Zhou Jian, Ju Weiqiang, Yuan Xiaopeng, Jiao Xingyuan, Zhu Xiaofeng, Wang Dongping, He Xiaoshun
Organ Transplant Center, The First Affiliated Hospital, Sun Yat-sen University, Guangzhou, China.
Transpl Int. 2015 Jul;28(7):793-9. doi: 10.1111/tri.12531. Epub 2015 Feb 17.

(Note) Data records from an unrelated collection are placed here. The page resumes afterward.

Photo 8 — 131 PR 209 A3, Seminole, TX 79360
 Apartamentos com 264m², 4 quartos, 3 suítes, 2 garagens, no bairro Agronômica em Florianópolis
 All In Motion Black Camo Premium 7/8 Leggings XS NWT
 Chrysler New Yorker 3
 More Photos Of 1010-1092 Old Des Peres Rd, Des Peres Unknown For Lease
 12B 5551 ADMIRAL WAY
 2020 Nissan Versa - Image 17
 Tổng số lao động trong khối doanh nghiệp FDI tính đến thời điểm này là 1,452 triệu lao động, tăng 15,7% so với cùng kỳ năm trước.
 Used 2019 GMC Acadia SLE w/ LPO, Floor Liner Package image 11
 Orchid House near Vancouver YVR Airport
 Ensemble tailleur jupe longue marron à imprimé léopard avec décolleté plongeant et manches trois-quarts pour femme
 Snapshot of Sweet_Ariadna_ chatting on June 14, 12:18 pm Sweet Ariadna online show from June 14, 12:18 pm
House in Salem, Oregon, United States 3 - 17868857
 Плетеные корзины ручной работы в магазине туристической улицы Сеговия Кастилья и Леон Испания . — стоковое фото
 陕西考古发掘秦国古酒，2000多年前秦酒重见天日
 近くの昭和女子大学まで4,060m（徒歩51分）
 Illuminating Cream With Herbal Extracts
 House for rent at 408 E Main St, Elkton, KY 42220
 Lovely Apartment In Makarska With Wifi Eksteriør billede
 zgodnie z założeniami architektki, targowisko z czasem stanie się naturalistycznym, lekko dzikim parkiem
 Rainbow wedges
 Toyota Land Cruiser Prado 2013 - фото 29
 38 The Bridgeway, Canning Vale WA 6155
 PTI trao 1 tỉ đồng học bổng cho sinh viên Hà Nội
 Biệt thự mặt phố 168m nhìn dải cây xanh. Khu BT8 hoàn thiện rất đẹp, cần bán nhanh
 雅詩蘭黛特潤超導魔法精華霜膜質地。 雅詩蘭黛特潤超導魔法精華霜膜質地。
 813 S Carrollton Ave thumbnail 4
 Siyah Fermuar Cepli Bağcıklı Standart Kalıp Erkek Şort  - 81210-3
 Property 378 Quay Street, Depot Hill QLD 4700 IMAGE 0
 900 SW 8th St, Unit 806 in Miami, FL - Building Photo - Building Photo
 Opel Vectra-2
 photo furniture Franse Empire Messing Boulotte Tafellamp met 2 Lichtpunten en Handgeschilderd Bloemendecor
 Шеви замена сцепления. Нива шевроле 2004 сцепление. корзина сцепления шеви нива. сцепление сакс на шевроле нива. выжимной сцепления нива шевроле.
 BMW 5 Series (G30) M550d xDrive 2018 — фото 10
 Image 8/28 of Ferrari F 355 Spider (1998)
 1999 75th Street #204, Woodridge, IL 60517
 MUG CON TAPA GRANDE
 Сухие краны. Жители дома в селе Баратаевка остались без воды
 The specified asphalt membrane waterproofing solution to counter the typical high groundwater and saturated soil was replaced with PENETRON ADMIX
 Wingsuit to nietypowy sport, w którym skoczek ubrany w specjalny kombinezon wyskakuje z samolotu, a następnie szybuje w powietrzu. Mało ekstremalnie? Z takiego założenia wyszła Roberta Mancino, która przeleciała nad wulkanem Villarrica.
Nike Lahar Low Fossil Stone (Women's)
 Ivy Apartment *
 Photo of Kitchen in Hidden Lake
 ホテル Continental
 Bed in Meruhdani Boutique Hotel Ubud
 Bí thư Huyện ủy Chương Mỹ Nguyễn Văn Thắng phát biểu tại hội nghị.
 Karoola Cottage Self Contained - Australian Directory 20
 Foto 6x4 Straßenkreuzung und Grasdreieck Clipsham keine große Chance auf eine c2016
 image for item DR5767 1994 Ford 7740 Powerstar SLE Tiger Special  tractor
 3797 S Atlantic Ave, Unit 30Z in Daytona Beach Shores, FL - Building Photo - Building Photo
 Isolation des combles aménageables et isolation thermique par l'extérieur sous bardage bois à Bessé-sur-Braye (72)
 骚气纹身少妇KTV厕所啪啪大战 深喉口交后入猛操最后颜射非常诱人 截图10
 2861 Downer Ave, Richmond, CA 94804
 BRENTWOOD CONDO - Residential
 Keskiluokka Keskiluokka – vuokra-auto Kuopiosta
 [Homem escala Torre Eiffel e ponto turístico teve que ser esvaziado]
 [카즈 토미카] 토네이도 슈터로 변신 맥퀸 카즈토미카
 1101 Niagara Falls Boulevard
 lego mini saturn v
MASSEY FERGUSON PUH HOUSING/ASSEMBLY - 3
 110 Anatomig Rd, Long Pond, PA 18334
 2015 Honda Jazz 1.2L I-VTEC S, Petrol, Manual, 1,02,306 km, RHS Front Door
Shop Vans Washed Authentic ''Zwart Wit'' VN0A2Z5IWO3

Effect of ABO-incompatible liver transplantation on patients with severe hepatitis B (SHB) remains unclear. Herein, we summarized 22 cases with SHB in whom were performed emergency liver transplantation from ABO-incompatible donors. The immunosuppressive protocol consisted basiliximab, tacrolimus, steroids and mycophenolate mofetil. The mean MELD score was 35.2 ± 7.1. Major complications included rejection, infections, biliary complications, hepatic artery thrombosis or stenosis and portal vein thrombosis. Patient survival rates were 40.9%, 78.9% and 82.3% in 1 year, 29.2%, 66.8% and 72.9% in 3 years, and 21.9%, 60.1% and 62.5% in 5 years for ABO-incompatible, ABO-compatible and ABO-identical groups. Graft survival rates were 39%, 78.9% and 82.3% in 1 year, 27.8%, 66.4% and 71.1% in 3 years, and 20.9%, 57.9% and 61.0% in 5 years for incompatible, compatible and identical ABO graft-recipient match. The 1-, 3-, 5-year graft and patient survival rates of ABO-incompatible were distinctly lower than that of ABO-compatible group (P < 0.05). Our results suggested that ABO-incompatible liver transplantation might be a life-saving procedure for patients with SHB as a promising alternative operation when ABO-compatible donors are not available and at least bridges the second opportunity for liver retransplantation.
ABO血型不相容肝移植对重型乙型肝炎(SHB)患者的影响尚不清楚。在此,我们总结了22例接受ABO血型不相容供体紧急肝移植的SHB患者。免疫抑制方案包括巴利昔单抗、他克莫司、类固醇和霉酚酸酯。平均终末期肝病模型(MELD)评分是35.2±7.1。主要并发症包括排斥反应、感染、胆道并发症、肝动脉血栓形成或狭窄以及门静脉血栓形成。ABO血型不相容组、ABO血型相容组和ABO血型相同组的患者1年生存率分别为40.9%、78.9%和82.3%,3年生存率分别为29.2%、66.8%和72.9%,5年生存率分别为21.9%、60.1%和62.5%。ABO血型不相容、ABO血型相容和ABO血型相同的供受体匹配组的移植物1年生存率分别为39%、78.9%和82.3%,3年生存率分别为27.8%、66.4%和71.1%,5年生存率分别为20.9%、57.9%和61.0%。ABO血型不相容组的1年、3年、5年移植物和患者生存率明显低于ABO血型相容组(P<0.05)。我们的结果表明,ABO血型不相容肝移植对于SHB患者可能是一种挽救生命的手术,在没有ABO血型相容供体时是一种有前景的替代手术,并且至少为再次肝移植提供了第二次机会。